Ilíada, XIV, vv. 342-345
Al retirarse el fuego diurno por la noche, se le separa el fuego congénito;
entonces al proyectarse de los ojos, cae sobre algo que no le es semejante,
cambia él mismo y se extingue, pues se volvió desemejante el aire que
lo rodea, que ya no tiene fuego. Le impide ser visión y lo lleva a volverse sueño.
Timeo, 45d
Tarde. Noté tarde que el mesero había observado el estado de mi té durante su última ronda a las mesas. Lo noté no en el ojo, sino en la memoria. Como cuando alguien dice algo pero no se le escucha bien; y justo después el ritmo se repite, la voz resuena en el tímpano y, ¡sorpresa!, aparece el sentido. Se escucha bien después de haber oído. Ya estaba ahí lo dicho, pero había que descubrirlo. Probablemente ya estaba ahí incluso antes de ser pronunciado. ¿Y si es así todo lo que escuchamos? ¿Todo lo que vemos? Creía que conocía una obra de Calderón de la Barca que me gustaba mucho, que he leído varias veces. Y ahora que mal recordaba las palabras agudas de cierto personaje, me sonaban como si nunca les hubiera puesto atención: «¿qué haremos, a pie, solos, perdidos y a esta hora en un desierto monte, cuando se parte el sol a otro horizonte?». Damos a las estrellas el dudoso honor de ser el retrato de otros tiempos, de ser para nosotros luz llegando desde lejos, del pasado. Y por supuesto, de que ahora mismo son un misterio encerrado por miles de años en la bóveda negra del cielo. Quien quiera mirarlas tal como brillan hoy tendría que pagar el precio en años, tantos como no ha guardado juntos ningún pueblo nunca. Tal vez no son únicas en esto las estrellas, quizá así son también nuestras voces. Otra cosa ya que suenan. Otra cosa ya que se escuchan. Como la mirada del mesero que pasó queriendo ver si había tocado ya mi té. Pero no, ya era tarde.
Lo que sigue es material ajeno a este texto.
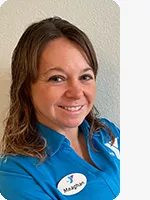 headshot of female personal trainer wearing blue YMCA polo gray background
Quise tomarlo ya que se había enfriado. Así encontré el vestido sobre la cama de nuestra habitación: tela fría, ya perdidos el calor y la figura. Sin tensión. Sin la risa que suscitaban las puntas de mis dedos. ¿Sabía entonces qué eran? Y en mi memoria encontré también pronunciadas las palabras que tantas veces oí, pero que ahora entiendo. Muy tarde.